Walkers rocked by law firm departures following sale of its trust company


The politics of law firms owning subsidiary businesses have always been complex, as partnerships are far from ideal structures within which to hold valuable capital assets.  It came as no great surprise, therefore, to see Walkers selling its trust company business to Intertrust. 

What has come as something of a bigger surprise is the fall-out for the remaining firm.  7 partners and 3 associates from Walkers’ legal practice have this week jumped ship and joined fierce rival, Maples and Calder.  

Walkers partners Julian Ashworth, Heidi De Vries, Sheryl Dean, David Marshall, Philip Millward and Gwyneth Rees, and senior associates Philip Dickinson, Patrick Head and Lucy Nicklas will all be joining Maples' Cayman Islands office as soon as their existing contracts allow them to do so and the necessary immigration approvals have been obtained. Partner Tim Clipstone will be joining the firm's BVI office. In a relatively small jurisdiction, a move of 9 lawyers in one go will have a significant impact, particularly given that they are all funds lawyers.  It will leave the Walkers fund team very badly depleted.

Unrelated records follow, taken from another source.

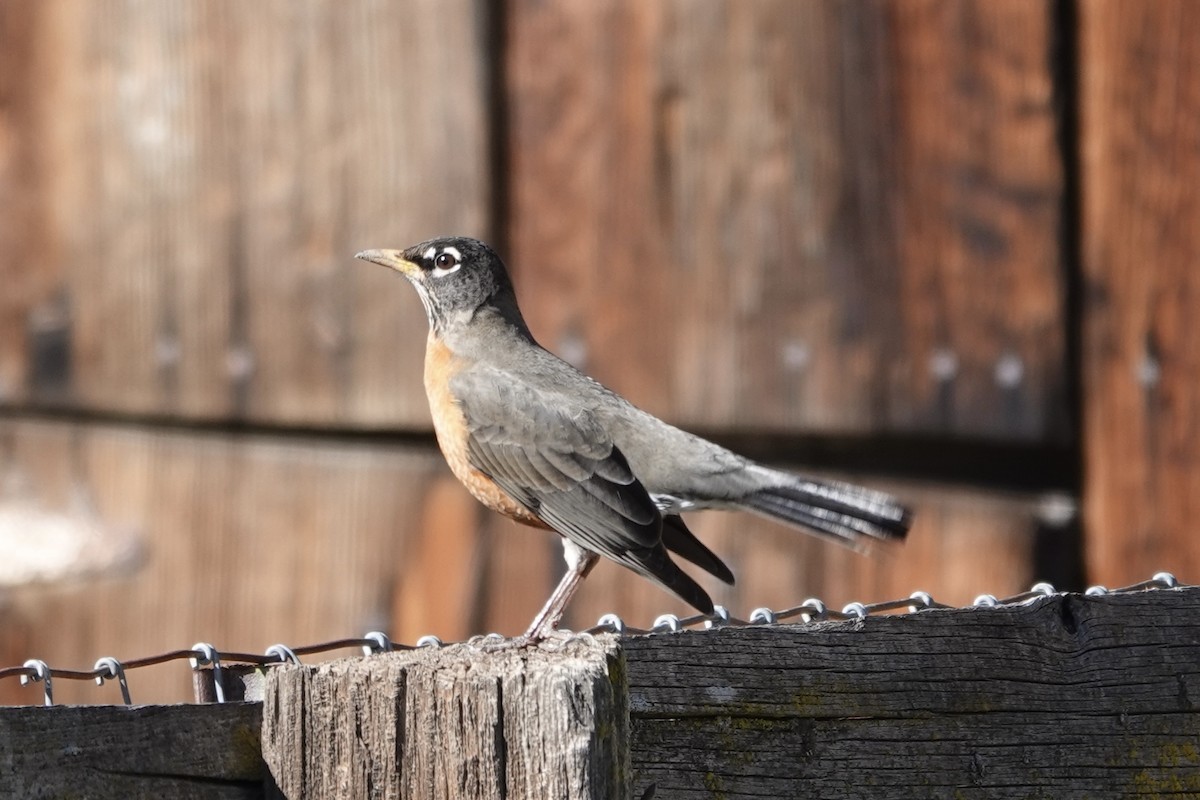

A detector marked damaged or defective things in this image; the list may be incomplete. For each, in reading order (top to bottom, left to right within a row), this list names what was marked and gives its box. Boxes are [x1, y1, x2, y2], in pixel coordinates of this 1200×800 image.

rusty wire [0, 568, 1180, 705]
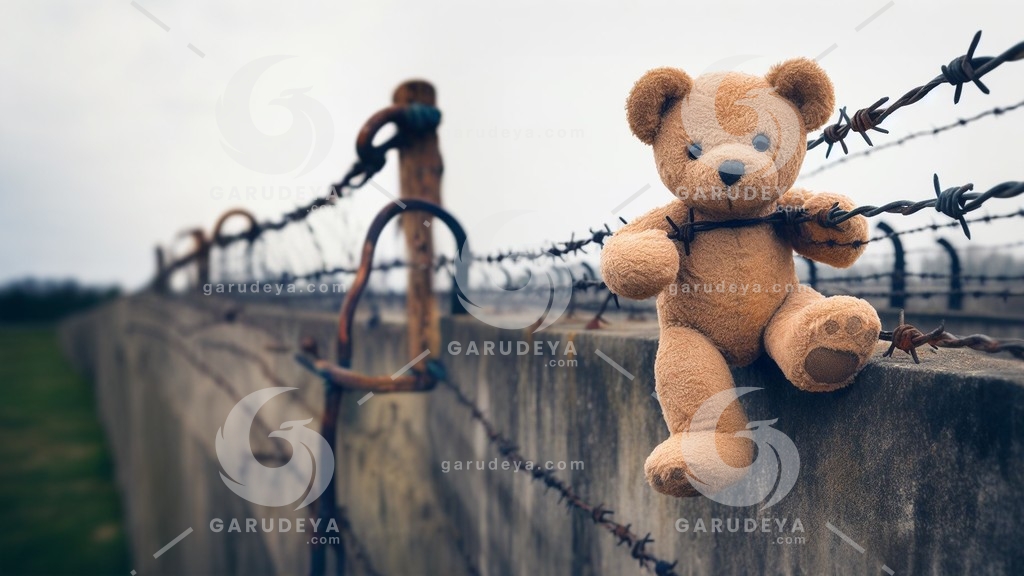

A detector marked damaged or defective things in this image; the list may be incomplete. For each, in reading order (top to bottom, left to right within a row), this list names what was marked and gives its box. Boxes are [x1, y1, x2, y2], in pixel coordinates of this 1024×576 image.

rusty barbed wire [802, 96, 1024, 177]
rusty barbed wire [806, 30, 1024, 155]
rusty metal post [391, 79, 440, 366]
rusty metal post [872, 220, 905, 309]
rusty metal post [937, 236, 962, 309]
rusty barbed wire [876, 315, 1024, 360]
rusty barbed wire [434, 377, 679, 573]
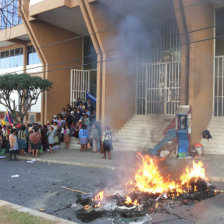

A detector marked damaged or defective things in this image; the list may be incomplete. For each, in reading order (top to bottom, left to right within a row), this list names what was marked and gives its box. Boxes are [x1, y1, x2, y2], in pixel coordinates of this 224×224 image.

pile of burnt material [75, 179, 217, 223]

Reading between the lines of the carefully worded statements put out by both firms involved, it seems that the partners who have left are all salaried rather than equity partners.  As such, they are unlikely to have benefited materially, if at all, from the sale proceeds and will doubtless be unhappy that any expectation of income in the future from trust company business will have disappeared (at least until any restrictive covenants have expired and the firm is free to set up a new fiduciary business).  It does not take a rocket scientist to work out that there will always be winners and losers when a partnership asset is sold, and the most likely ones to feel aggrieved are those who failed to make it to equity partnership in time.  However, other firms have managed the transition in the past without such significant protest and Walkers might have expected to be able to weather any period of unhappiness without such a major loss of manpower.  Walkers must now be reflecting on why their experience has been so different.

The whole situation does demonstrate the need for very careful handling of these situations.  Walkers is not the first offshore law firm to sell its fiduciary business and nor will it be the last.  There are many reasons why law firms do tend to arrive at a point where strategically it makes sense to sell a subsidiary business and it is a tricky balancing act to achieve this without destabilising the parent law firm.  In some cases this may involve sharing sale proceeds outside of the equity partner group, so that there is not such a stark contrast between the winners and losers. In others it may involve a restructuring of the remaining law partnership, as some firms take the view that it is easier to relax the rules on equity participation or other forms of profit sharing if that does not entail giving away an interest in a large capital asset.  And in other cases it is simply a question of excellent communication to explain why, strategically, a sale is the right thing to do, and why the future still looks exciting for those working in the legal practice.  It can be achieved, and has on many occasions.  But it is far from easy, as Walkers’ experience this week has so ably demonstrated.